-
Notifications
You must be signed in to change notification settings - Fork 314
(3.9.0‐3.9.1) Default ThreadsPerCore Slurm setting causes reduced CPU utilization
ParallelCluster does not explicitly set the ThreadsPerCore
for compute node configuration causing Slurm to use the default value of 1. Slurm v23.11 introduced a change that requires the ThreadsPerCore
setting to match the threads per physical core of the underlying instance. For compute resources where multi-threading has not been disabled, this will result in CPU under utilization at around 50%.

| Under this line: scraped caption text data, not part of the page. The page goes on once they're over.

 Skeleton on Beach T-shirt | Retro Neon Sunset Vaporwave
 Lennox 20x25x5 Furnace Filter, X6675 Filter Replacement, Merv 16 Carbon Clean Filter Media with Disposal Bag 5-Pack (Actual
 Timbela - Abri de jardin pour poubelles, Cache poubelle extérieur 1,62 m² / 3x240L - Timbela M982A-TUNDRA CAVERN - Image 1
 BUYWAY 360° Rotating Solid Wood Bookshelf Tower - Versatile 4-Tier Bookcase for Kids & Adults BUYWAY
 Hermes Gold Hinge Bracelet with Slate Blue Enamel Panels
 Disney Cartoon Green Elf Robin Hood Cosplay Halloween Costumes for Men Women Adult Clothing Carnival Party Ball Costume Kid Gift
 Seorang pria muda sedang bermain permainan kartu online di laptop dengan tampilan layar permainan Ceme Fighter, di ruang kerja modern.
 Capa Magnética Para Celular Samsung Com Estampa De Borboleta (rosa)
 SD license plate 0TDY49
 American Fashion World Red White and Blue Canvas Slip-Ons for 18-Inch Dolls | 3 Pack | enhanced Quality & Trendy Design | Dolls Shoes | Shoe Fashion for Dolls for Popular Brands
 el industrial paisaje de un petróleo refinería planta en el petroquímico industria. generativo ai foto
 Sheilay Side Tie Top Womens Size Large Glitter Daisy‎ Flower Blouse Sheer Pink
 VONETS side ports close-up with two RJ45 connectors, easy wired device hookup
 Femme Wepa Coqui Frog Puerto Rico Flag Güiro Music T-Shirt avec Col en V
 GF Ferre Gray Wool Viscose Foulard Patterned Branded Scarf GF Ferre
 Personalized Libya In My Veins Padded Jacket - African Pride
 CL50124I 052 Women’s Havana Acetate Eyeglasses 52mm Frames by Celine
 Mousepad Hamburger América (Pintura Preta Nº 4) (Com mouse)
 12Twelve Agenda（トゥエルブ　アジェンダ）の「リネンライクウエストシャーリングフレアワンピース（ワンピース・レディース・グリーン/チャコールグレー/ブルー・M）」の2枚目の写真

- ParallelCluster 3.9.0, 3.9.1
- Slurm 23.11.4
- All operating systems supported by ParallelCluster
To mitigate the issue, it is recommended to set ThreadsPerCore
value using the CustomSlurmSettings property of each compute resource in your cluster configuration where multi-threading is enabled (which is the default).
The steps are as follows:
- For each compute resource where multi-threading is enabled, add the following section:
CustomSlurmSettings:
ThreadsPerCore: <default-threads-per-core>
Note: You can determine the
default-threads-per-core
of the instance type by running this command:aws ec2 describe-instance-types --instance-types <instance-type> --region <region> | grep DefaultThreadsPerCore
- Update your existing clusters or create new clusters using the updated configuration file for changes to take effect by following the instructions here
Note: Please notice that if your system is configured with more than one thread per core, execution of a different job on each thread is not supported. However a job can execute a one task per thread from within one job step or execute a distinct job step on each of the threads. This is reported in the official Slurm doc here.